I use an encore with sabot and 777 pellets.

after 4 rounds the fouling is building and my groups start to open.


----------



## Chuck Smith (Feb 22, 2005)

It also depends on the powder you use and bullet.

A sabot leaves more fouling than a Power belt. Some powders leave more fouling than others.

I clean after every shot on the range and when I am hunting I clean after every 3rd shot or end of season. (16 day season in MN).


----------



## alleyyooper (Jul 6, 2007)

The real answer to that question is different for every rifle just like the load and bullet differ between rifles even of the same brand.
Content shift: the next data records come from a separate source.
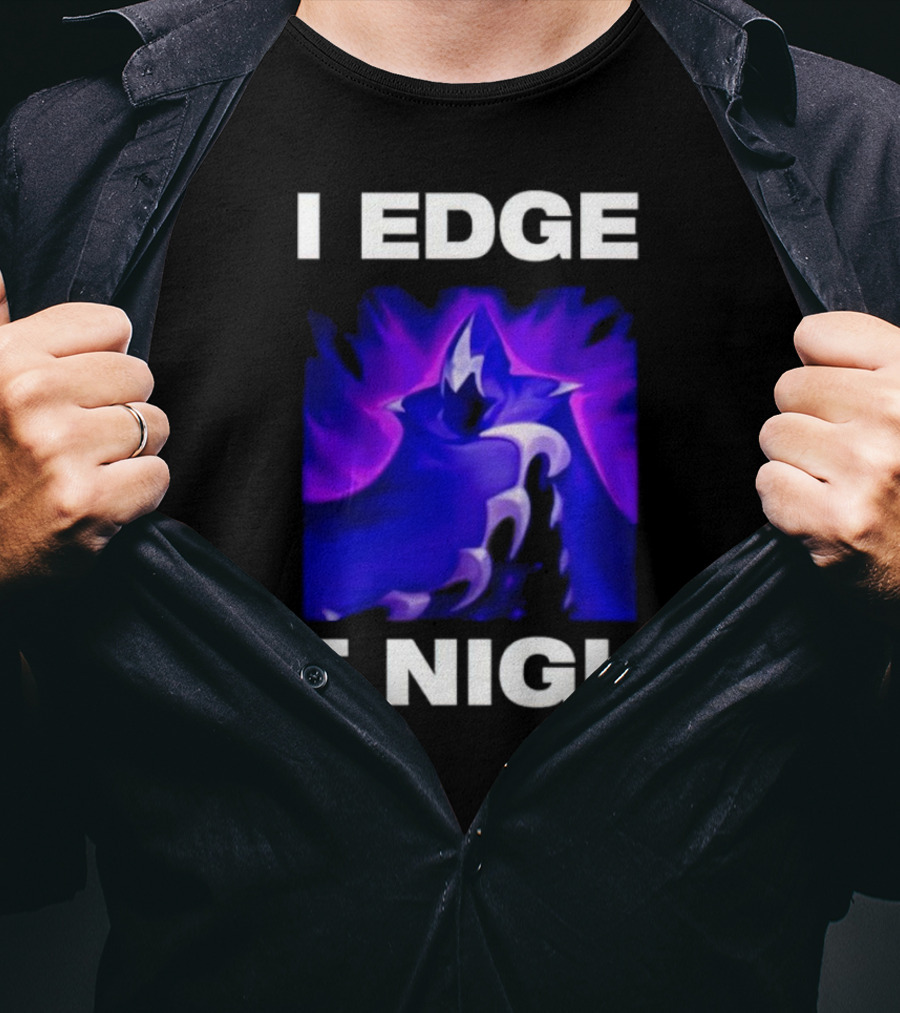 I EDGE At Night League Of Legends Game Visual Reference T-Shirt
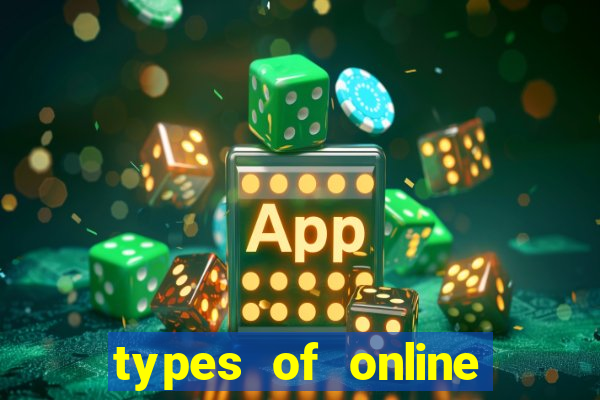 types of online casino games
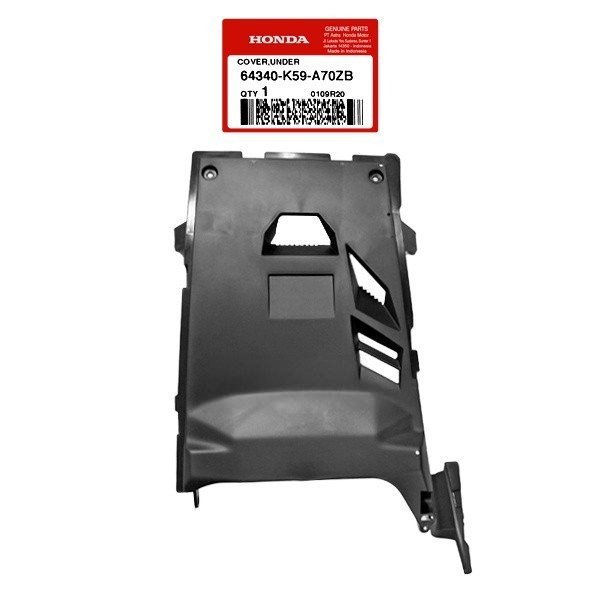 COVER BAGIAN BAWAH VARIO 125 LED/NEW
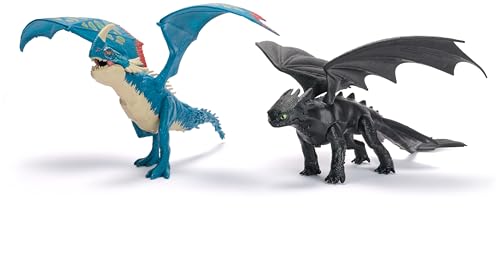 SPIN MASTER FIGURINE DRAGON A FONCTIONS 25 CM TEMPETE Dragons Movie - vue 10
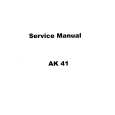 JVC AV28BW7E Service Manual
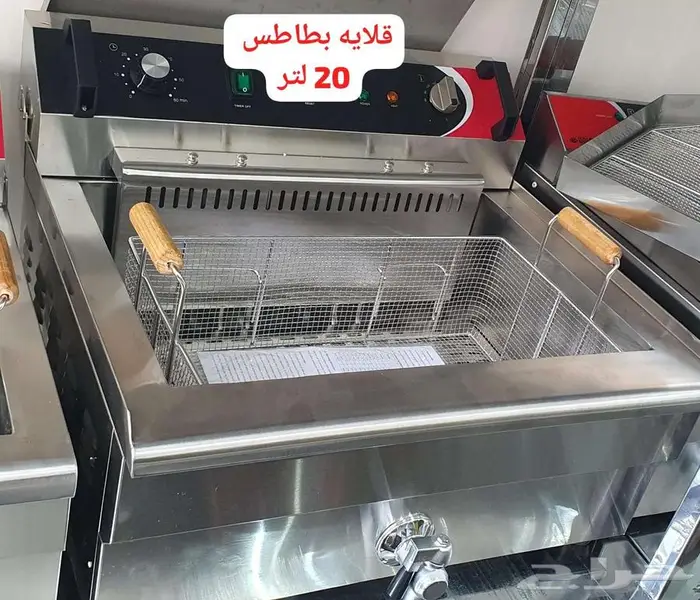 مكينه ايسكريم فوق الطاوله صانعه ثلج 30 كيلو 6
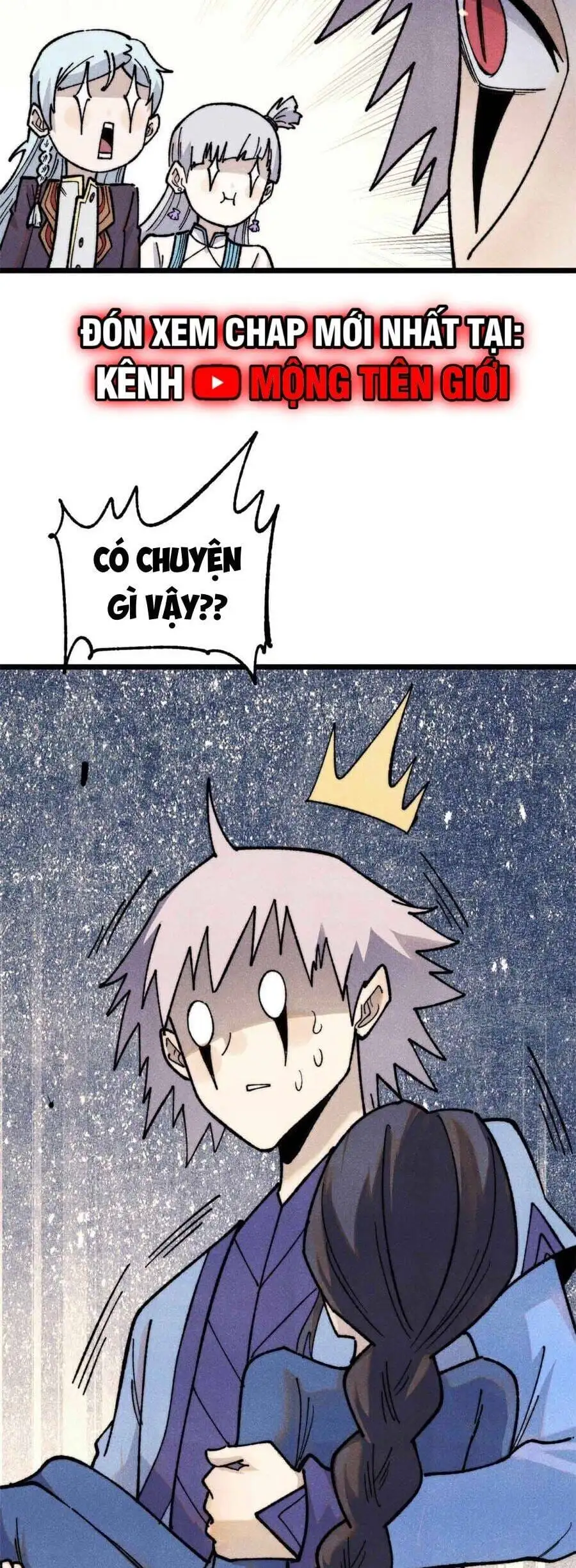 Truyện Tranh Vạn Cổ Tối Cường Tông trang 6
Only testing at the range will give you the right answer for your rifle. My 50 cal T/C Hawkins will do good for about 5 shots with gorex. My Remington 700 in 50 cal will only give me 2 shots with loose 
T7. the 54cal is better with 3 shots.

While your testing that also testhow a muzzle cover for rainy/snowy weather effects your point of aim.

 Al


----------



## kudu61 (Sep 23, 2009)

Hello, My first post here but I love muzzeloaders. I shoot approximately 60 to 90 shots per month with my 7yr old TC Encore. My favorite loads are 3-50gr pellets of T7, A 45 cal 300gr Hornady XTP or a 250gr Shockwave, both in Forrester Crushed Rib Sabots. I've experimmented with # of [email protected] 100yds without cleaning the barrel.Stopped when group size got to 2 inches. First test went to 21shots and 2nd test went to 26shots. T7 works for me because I only clean or swab the barrel after I go home. See Ya, Bill


----------



## darkgael (Feb 10, 2006)

A slightly different take. Why even bother about this? At the range, I swab the bore after every shot. Hunting.....how many shots am I going to get? One. So whether I can get two or twenty shots between cleanings is immaterial.
Even with a ML shotgun/fowler out hunting the upland, a grouse comes up...bang...am I going to get a second shot? No. When I reload the barrel, I run a premoistened patch down before I drop a new charge.
I can appreciate the idea as a curiosity but not as something that is very useful.
Pete


----------



## Plainsman (Jul 30, 2003)

With my Green Mountain barrel in my TC Hawken and round ball I have to shoot two fouling shots before I get accuracy. I shoot P Pyrodex when shooting my TC Hawken, Patriot, or Cherokee. 
When the State Muzzleloading shoot was in my home town one year I decided to give it a try. I shot the entire shoot without swabbing the barrel once. That was 60 rounds.
When hunting I often put wasp nest material between my powder and the patched round ball to keep oil from the powder. I have shot two fouling shots, loaded, and left loaded for a week while hunting deer. I leave the rifle cased in the pickup tool box and do not bring it into the house or any warm area. My pickup tool box is dust proof, spotless and not a junk box.
Sabots or full bore lead I brush and swab every fifth round.


----------